White people, to whom black people are not in a position to do
anything of greater consequence than to be quoted by another *white*
man as being supposedly unhappy about something that some third white
man, mistakenly or on purpose, has said.

I can remember black organizations patting themselves oon the back
because they had gotten white newspapers, in a large part of the U.S.,
at least, to capitalize the "n" of the erstwhile "negro," thereby
destroying the lynching-of-the-month clubs, ending the form of serfdom
known as "share-cropping," closing prisons like Parchman's Farm and
Angola, preventing telephone books in the South from adding "c" for
"colored" after the names of black people in the telephone book, etc.,
etc., and ultimately bringing into existence the actuality of the
siblinghood of person under the parenthood of Deity.

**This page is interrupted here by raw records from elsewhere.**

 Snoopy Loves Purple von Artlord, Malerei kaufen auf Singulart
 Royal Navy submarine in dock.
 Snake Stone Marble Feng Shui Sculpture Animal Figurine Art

BTW, when is someone going to get the Rev. Jesse's opinion on this
matter? His opinion has to count more than that of the professor.
After all, 99.44% of black America has never heard of this nig-, uh,
African-American McWhorter and 99.44% of those who have think that
he's white, because of his stance on political issues of far greater
importance than whether "Negro" is as bad a word as, say, "blackamoor"
or "fuck" or whether Obama's idiolect can or should be included under
the rubric of the made-up concept of "standard" American English, as
though that that somehow makes any kind of difference. I may be
mistaken, but I can't recall that anybody felt that LBJ's accent
inability to speak without sounding as though he wasn't from Chicago
was worthy of note in any newspaper of record.

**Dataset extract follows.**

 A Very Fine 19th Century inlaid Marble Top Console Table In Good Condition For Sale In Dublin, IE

 As usual, I could be entirely mistaken, inasmuch as I have, once
again, made no attempt to research a topic upon which I have
pontificated. IAC, given that people have a problem understanding that
"fuck someone over" is not identical to "fuck over someone," any more
than "set fire to" is identical to "set something afire," it hardly
matters.

-Wilson

On Wed, Jan 13, 2010 at 3:51 PM, Joel S. Berson <Berson at att.net> wrote:
> ---------------------- Information from the mail header -----------------------
> Sender:       American Dialect Society <ADS-L at LISTSERV.UGA.EDU>
> Poster:       "Joel S. Berson" <Berson at ATT.NET>
> Subject:      Re: McWhorter on "Negro" [Was: on "Negro English"]
> -------------------------------------------------------------------------------
>
> I'm somewhere between relieved and pleased to see McWhorter writing
> "However, it ["Negro"] is more properly an archaism, not so long ago
> thoroughly acceptable among blacks and whites."  (He goes on "If Reid
> was wrong to use the word, then I assume he is also supposed to refer
> to the United African-American College Fund.")  I am writing about
> 18th-century (and a bit about 19th-century) Massachusetts, where one
> cannot avoid "Negro" in quotations, and probably should not in
> paraphrasings.  It has seemed to me only confusing for me to write,
> say, "black" in other contexts -- I can hear my (potential) readers
> asking, why does he use "black" here and "Negro" there, when I do not
> mean any distinction.
>
> I intend to explain my vocabulary, and to mention "Changes in the
> names used to refer to people of African descent in America have a
> ... complicated and instructive" history (Patrick Rael,
> "Introduction," in African-American Activism before the Civil War:
> The Freedom Struggle in the Antebellum North, ed. Patrick Rael [New
> York: Routeledge, 2008], 18).
>
> Joel
>
> ------------------------------------------------------------
> The American Dialect Society - http://www.americandialect.org
>



--
-Wilson
–––
All say, "How hard it is that we have to die!"––a strange complaint to
come from the mouths of people who have had to live.